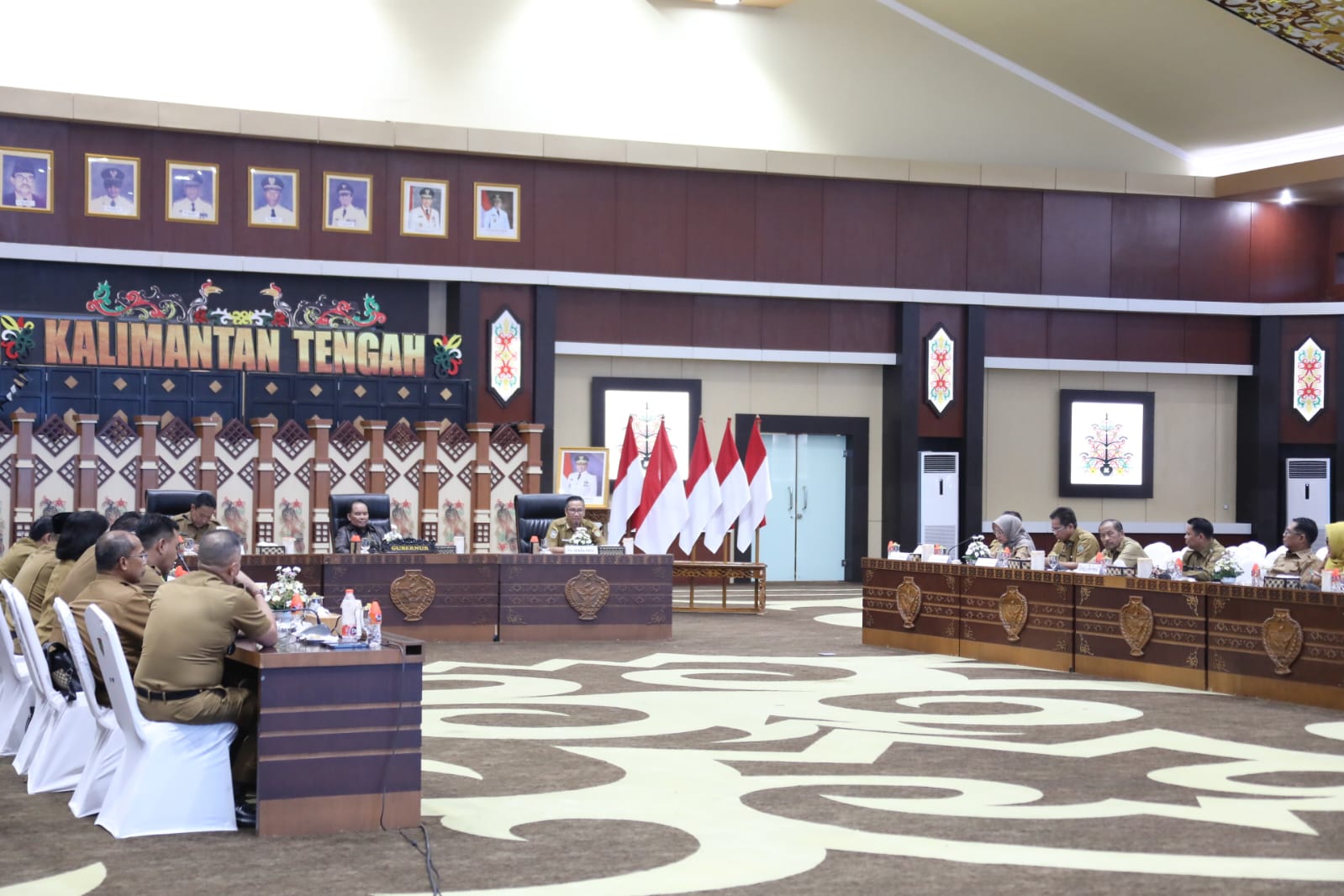 Langkah Strategis 100 Hari Kerja, Gubernur Agustiar Tunjuk Leonard S Ampung Sebagai Plt Sekda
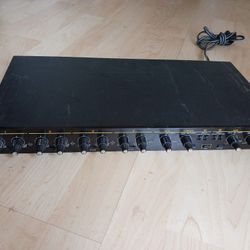 KORG  KEC - 42 EQ/ COMPANDER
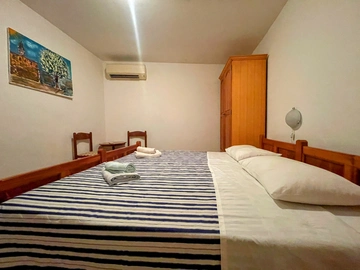 1-Bedroom Apartment in Umag for Up to 5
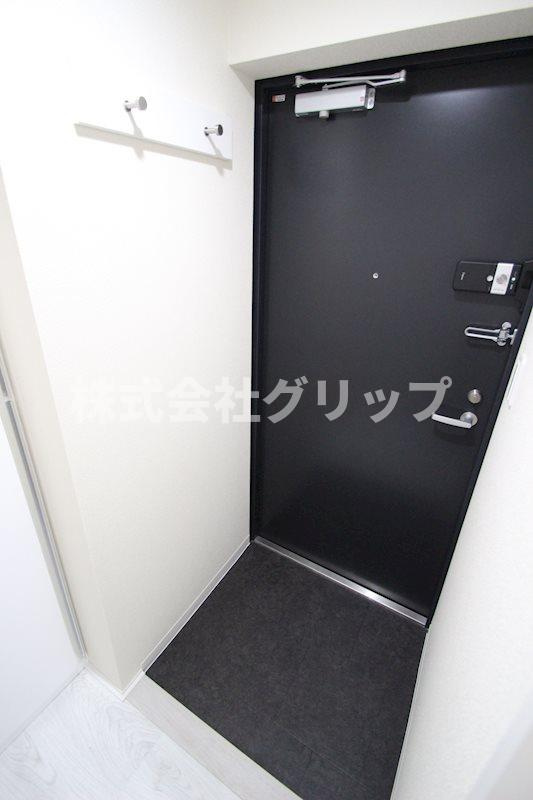 b'CASA Yokohamaの玄関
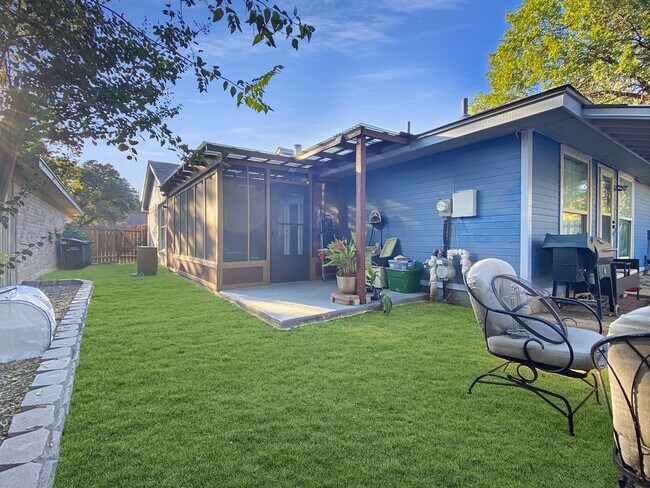 Building Photo - Beautifully Maintained 3 bedoom 2 bath Rental Home that Blends Comfort, Modern Convenience, and T...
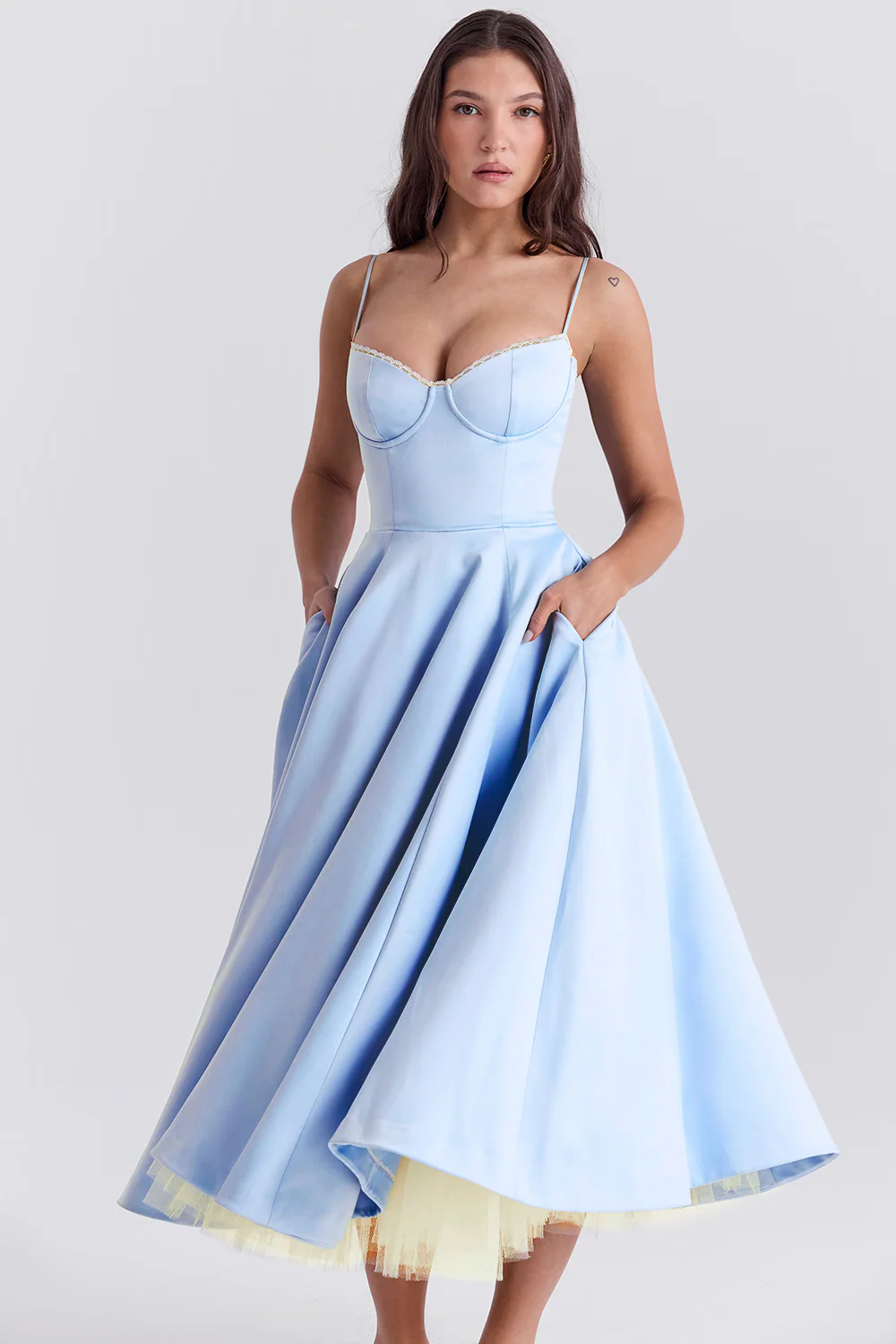 Beatriz® | Elegant Satin Dress For Parties - Image 2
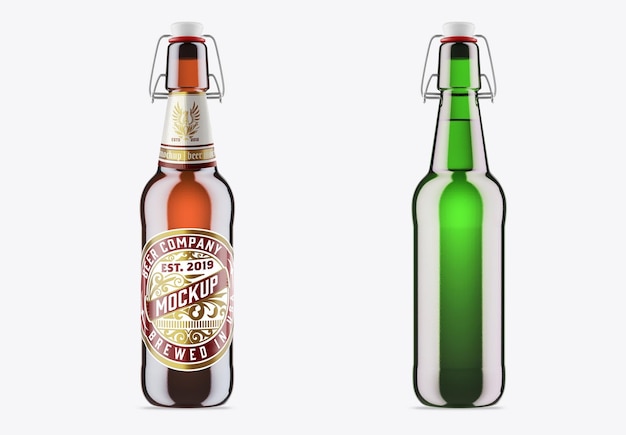 PSD mockup di bottiglia di birra in vetro classico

→ Assigned task: Nothing but the lines from the one holding "42 EQ/ COMPANDER" to the end of the entries above should be echoed, exactly and with both ends included; omit the pictures.

→ Exercise response:
 KORG  KEC - 42 EQ/ COMPANDER
 1-Bedroom Apartment in Umag for Up to 5
 b'CASA Yokohamaの玄関
 Building Photo - Beautifully Maintained 3 bedoom 2 bath Rental Home that Blends Comfort, Modern Convenience, and T...
 Beatriz® | Elegant Satin Dress For Parties - Image 2
 PSD mockup di bottiglia di birra in vetro classico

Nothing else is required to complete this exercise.